» Supplied material:

-- Opening Marker --

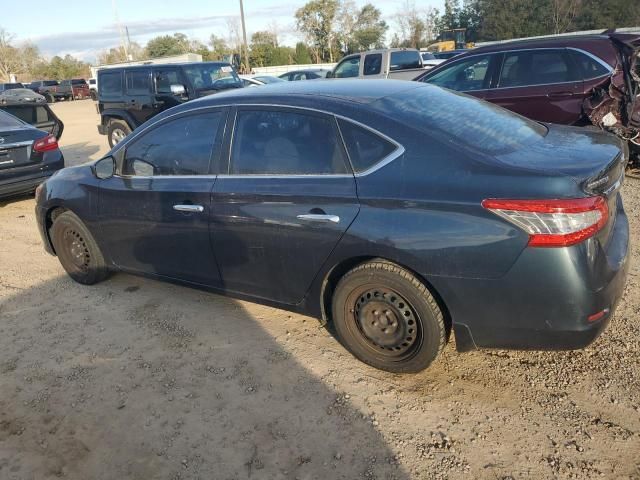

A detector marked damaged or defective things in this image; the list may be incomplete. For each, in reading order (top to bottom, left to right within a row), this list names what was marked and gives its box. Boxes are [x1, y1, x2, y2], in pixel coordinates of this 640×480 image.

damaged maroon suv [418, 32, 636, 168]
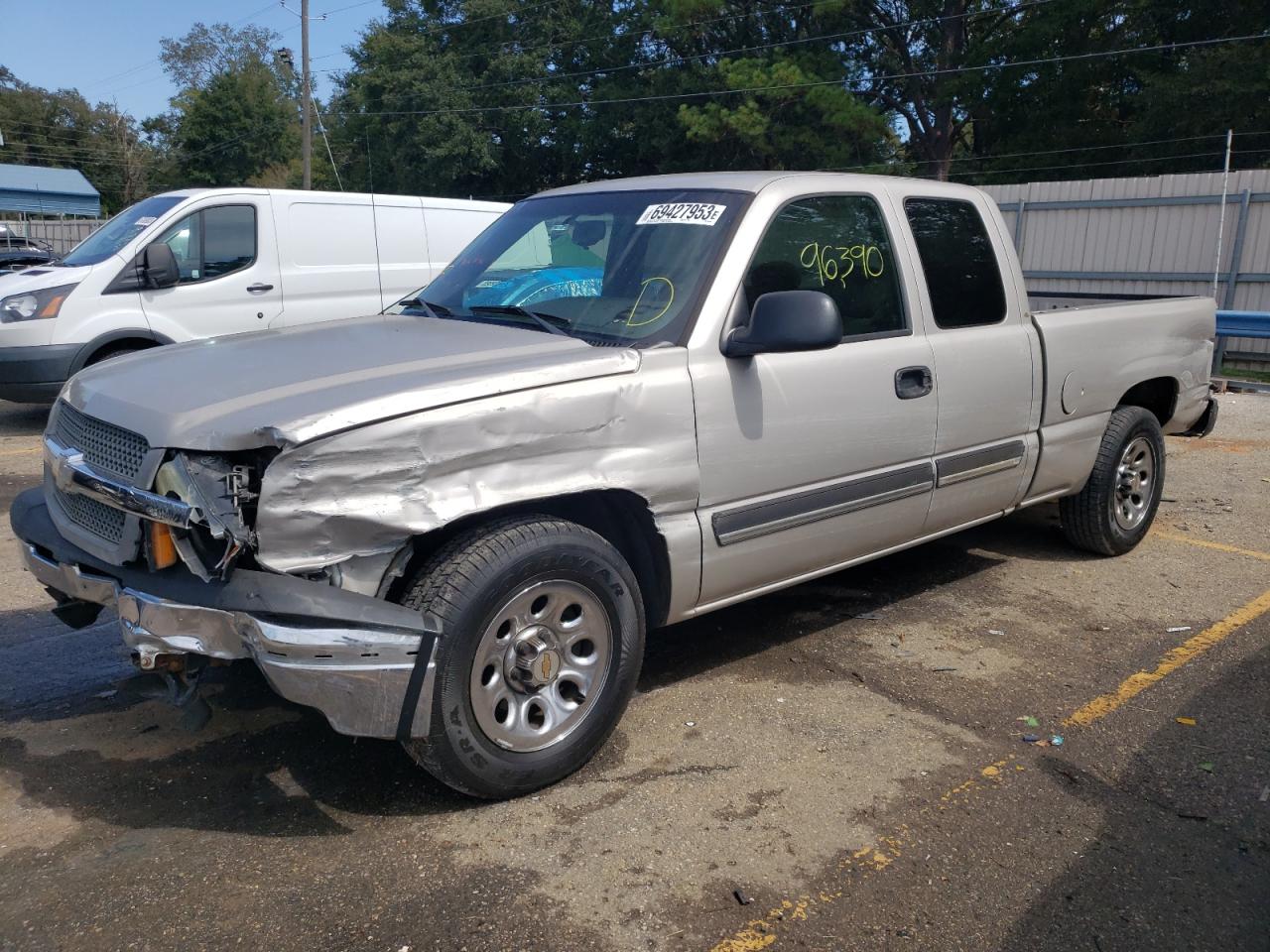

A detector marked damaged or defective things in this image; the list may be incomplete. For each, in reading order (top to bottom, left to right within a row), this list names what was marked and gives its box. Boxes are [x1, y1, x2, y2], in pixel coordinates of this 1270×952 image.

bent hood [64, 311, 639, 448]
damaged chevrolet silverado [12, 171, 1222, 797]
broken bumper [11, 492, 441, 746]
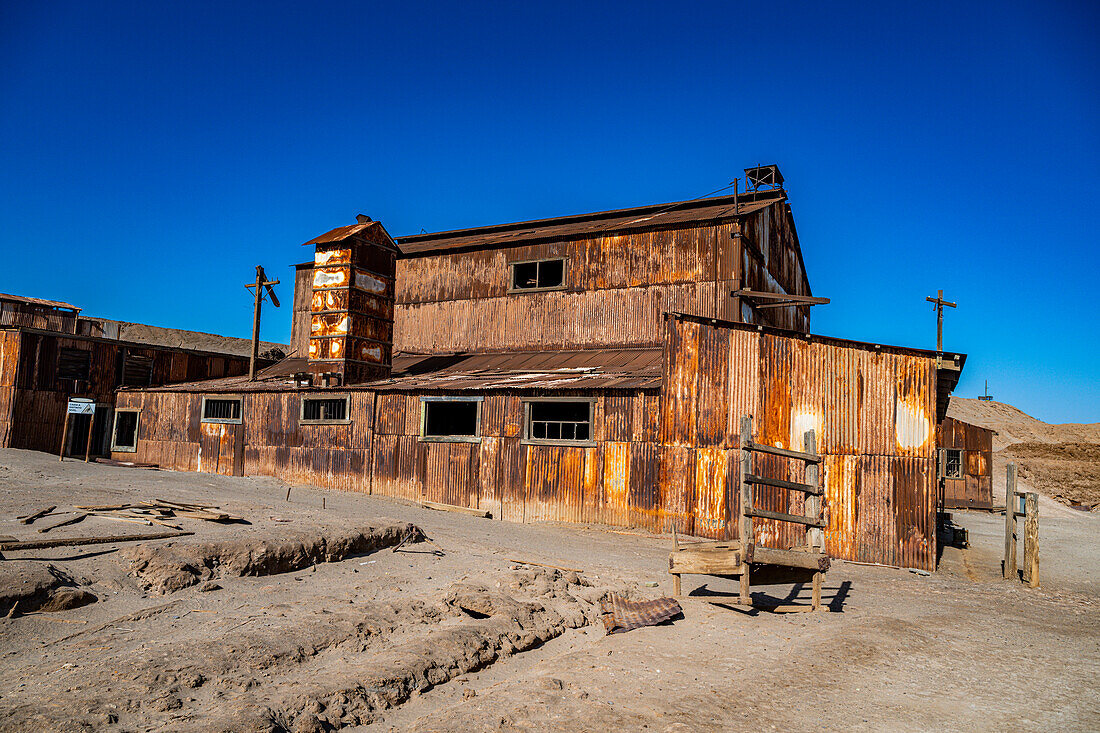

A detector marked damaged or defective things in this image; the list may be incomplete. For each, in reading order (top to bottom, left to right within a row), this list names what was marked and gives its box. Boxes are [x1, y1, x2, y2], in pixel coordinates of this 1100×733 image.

-- Closing Marker --

Every entry above should be restated word for word, with the images left out.

A detector marked damaged or defective things in this image; the list may be incomplete. For each, in reading order (top to bottom, left to right within a row), this list names what was marked and gives its box. Boxes are [x1, y1, x2, y2], in pixel coordinates of this 640×480 image.

damaged maroon suv [418, 32, 636, 168]

A detector marked damaged or defective things in this image; the list may be incomplete. For each, in reading order (top to bottom, left to right within a row), this list names what was marked and gives its box. Boxes are [x1, y1, x2, y2], in pixel coordinates of this 1270×952 image.

bent hood [64, 311, 639, 448]
damaged chevrolet silverado [12, 171, 1222, 797]
broken bumper [11, 492, 441, 746]

A detector marked damaged or defective things in this image; the list may be incomplete. For each, in reading order (top to bottom, left to right within a row), this list names what was marked and gives its box. Boxes are [x1, y1, x2, y2], in pixel coordinates of this 1100×733 image.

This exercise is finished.